Brigantaggio moribondo

il brigante AnsuiniDicono che il brigantaggio sia morto, come dicono che siano morte la camorra e la mafia. Quanto al brigantaggio, il giudizio di chi lo dichiara morto è precoce, ma non del tutto erroneo. Se non morto, esso è moribondo.

Fortunato Ansuini e Damiano Menichetti sono il pendant brigantesco di Tiburzi e di Fioravanti. Essi fanno della macchia di San Magno - che è il loro quartier generale - ciò che gli altri fanno della macchia del Lamone. Ansuini è la testa dell'associazione, Menichetti il braccio. Nella loro tragica, arditissima fuga da Montefilippo, Ansuini era stato l'ideatore e il preparatore dell'evasione; Menichetti non aveva avuto che la parte modesta della sentinella.

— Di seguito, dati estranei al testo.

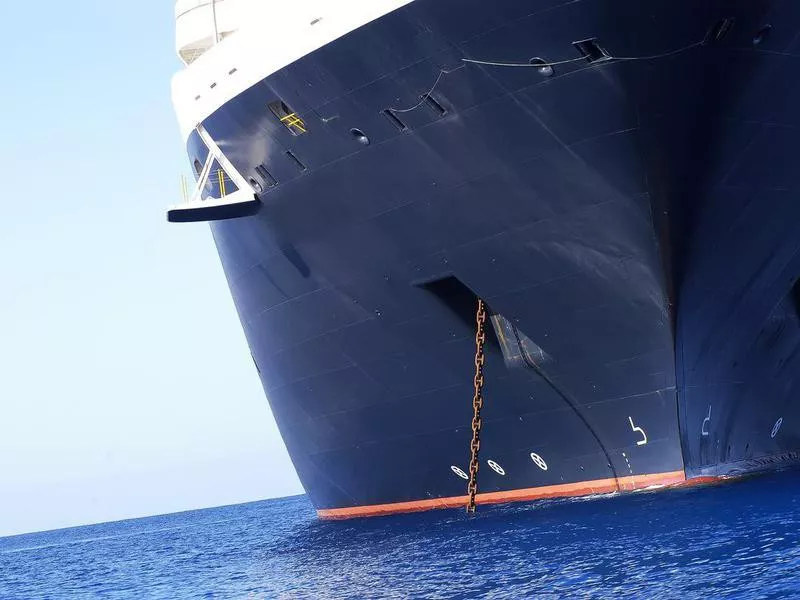 Cruise ship dropping anchor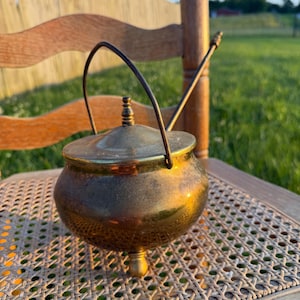 May include: A round brass pot with a lid, featuring a thin metal swing handle and three small feet. The surface of the brass has a warm, aged patina with visible variations in color and texture, and the lid is topped with a small finial.
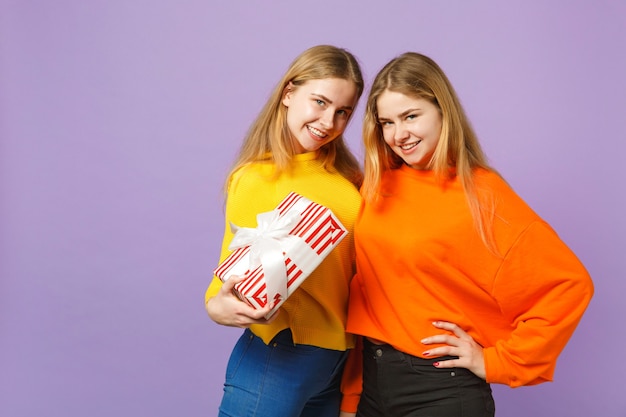 Dos impresionantes hermanas gemelas rubias niñas en ropa vívida sostienen la caja presente de rayas rojas con cinta de regalo aislada en la pared azul violeta. Cumpleaños de la familia de personas, concepto de vacaciones.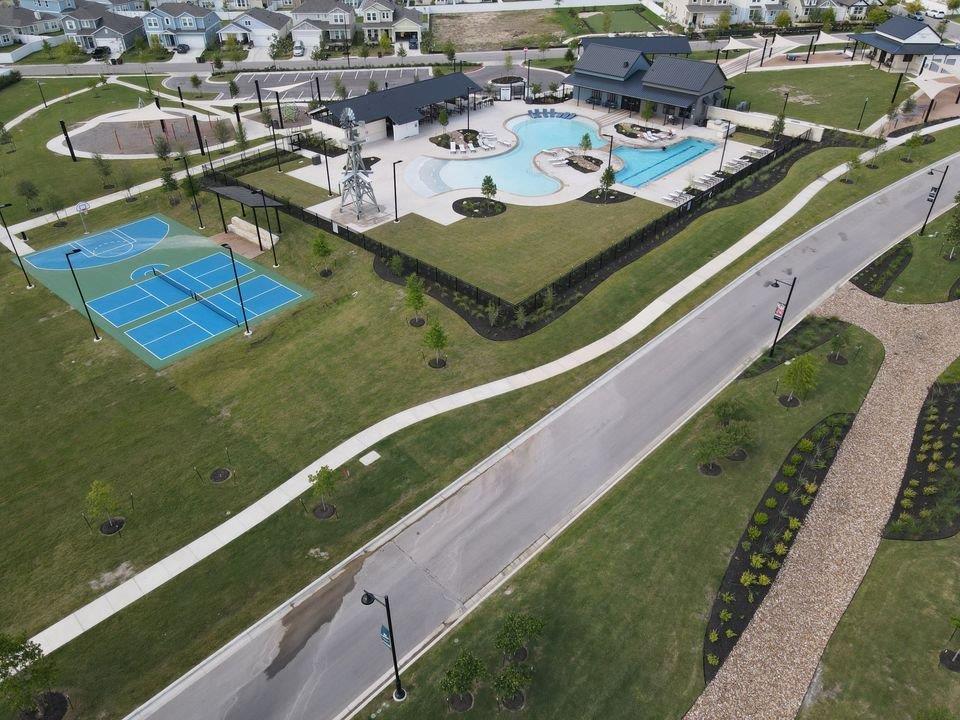 156 Huckleberry Lane Elgin, TX 78621 - Photo 14 of 16 An aerial perspective reveals a vibrant community with recreational amenities and thoughtfully designed green spaces.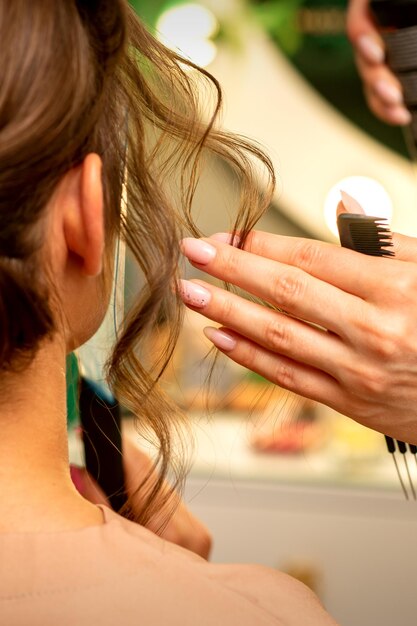 Professioneller Friseur Styling und Fixierung mit Haarspray lange Frau lockiges Haar in einem Schönheitssalon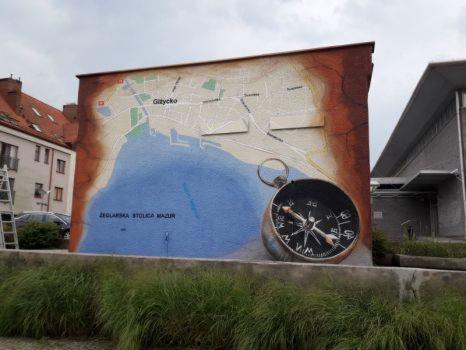 Mural przedstawiający mapę Giżycka z kompasem, umieszczony na ścianie budynku w plenerze.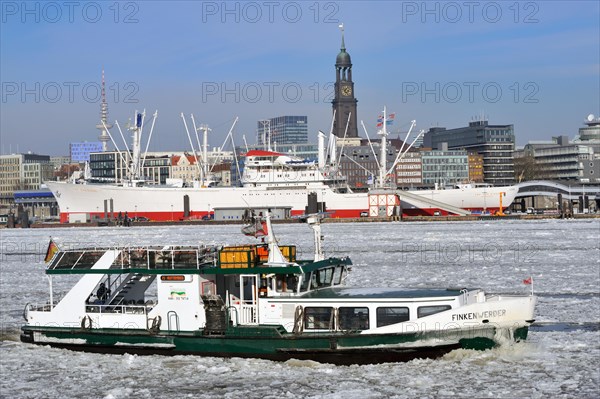 Port of Hamburg ferry Finkenwerder in front of Cap San Diego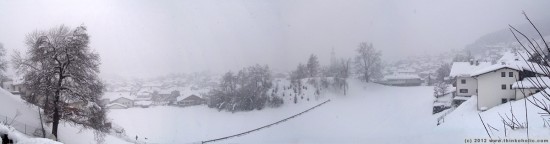 panorama: a different view - thaur during strong winter snowfall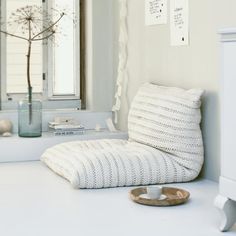 a bathroom with a white sink and mirror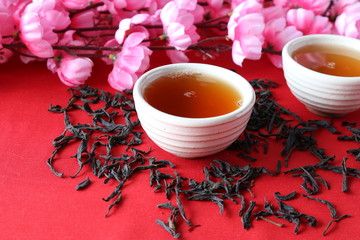 Chinese tea ceremony with the use of utensils of clay on the background of the cherry blossom.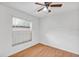 Bedroom with laminate flooring, window and ceiling fan at 600 Regency Way, Kissimmee, FL 34758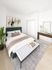 Elegant bedroom with a plush green bed, cozy white bench, modern artwork, and stylish decor. Bright and inviting space perfect for relaxation.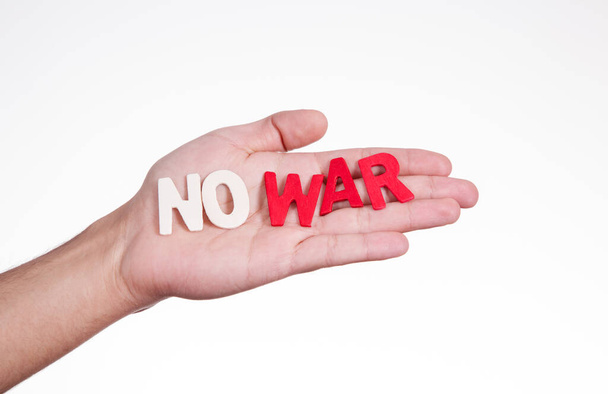 На руке деревянные письма с надписью "Нет войне" - Фото, изображение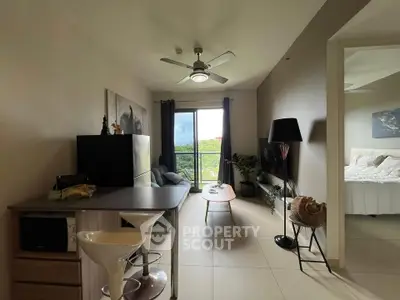 Modern apartment living room with open layout and scenic view, featuring stylish furniture and natural light.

Per disgrazia i guardiani, quella notte dormirono saporitamente; e i due briganti, pochi giorni dopo commettevano una grassazione. Nei sei mesi successivi ne aggiunsero alla prima un'altra, e due omicidii.
L'ultimo di questi, oltre la consueta ferocia, rivelava una crudele ironia. Nell'aprile scorso, scompariva improvvisamente da casa sua certo Signorelli. Una settimana dopo, la moglie riceveva una lettera firmata Ansuini, in cui le si chiedevano 2000 lire per il riscatto del marito.. La povera donna portò le 2000 lire al luogo indicato, ma il Signorelli non tornò a casa. Due mesi dopo, sul margine d'un fosso, se ne ritrova il cadavere, e vicino ad esso un biglietto di Ansuini in cui questi scrive alla vedova che non vuol saperne de' suoi denari.

L'atrocità del fatto risvegliò l'attenzione dell'autorità la quale inviò il brigadiere dei carabinieri Sebastiano Preta con tre soldati nella macchia San Magno.

Il brigante Menichetti

Il 3 giugno dell'anno scorso la pattuglia incontra a metà della macchia un giardiano, certo Papi Giuseppe: gli chiede se ha notizie dei briganti, egli risponde che non sa nulla e continua a cavallo la sua strada. Non avea fatto 200 metri e da dietro un albero gli vien tirata una fucilata. Per fortuna rimane illeso, ma ha la presenza di spirito di gettarsi da cavallo fingendosi gravemente ferito, onde evitare che gli assalitori ripetano il colpo.

I carabinieri accorrono; egli indica loro la direzione da prendere. Il brigadiere Preta e un soldato si mettono per un viottolo fra gli sterpi, gli altri due soldati per un altro. Mentre i primi passavano vicino a un rialzo di terreno coperto di folta e alta ginestra, due colpi di moschetto traversano il cuore del Preta che resta all'istante cadavere, e un altro colpo spezza al soldato Carosi la cassa del suo fucile reso così inservibile. In questo mentre arrivano sul luogo anche gli altri due carabinieri e il Papi, e fra questi e i due briganti s'impegna il fuoco. Il Carosi, non potendo adoperare il suo fucile, s'avanza coraggiosamente fino al cadavere di Preta, rimasto a terra fra i soldati e i briganti, ne prende il fucile e scarica un colpo contro Menichetti. Questi cade ed è disarmato e legato. Oltre l'arma - un magnifico Lancaster ultimo modello - gli sequestrarono 185 franchi e un pacco di canzoni oscene in vernacolo ch'egli stesso aveva composte. Ansuini riesce miracolosamente a fuggire, e ancora si cerca: Menichetti morì un mese fa nel bagno penale di Civitavecchia.

Il brigadiere Preta fu decarato alla memoria con una medaglia d'argento al V.M. il 26 luglio 1891 (n.d.r.).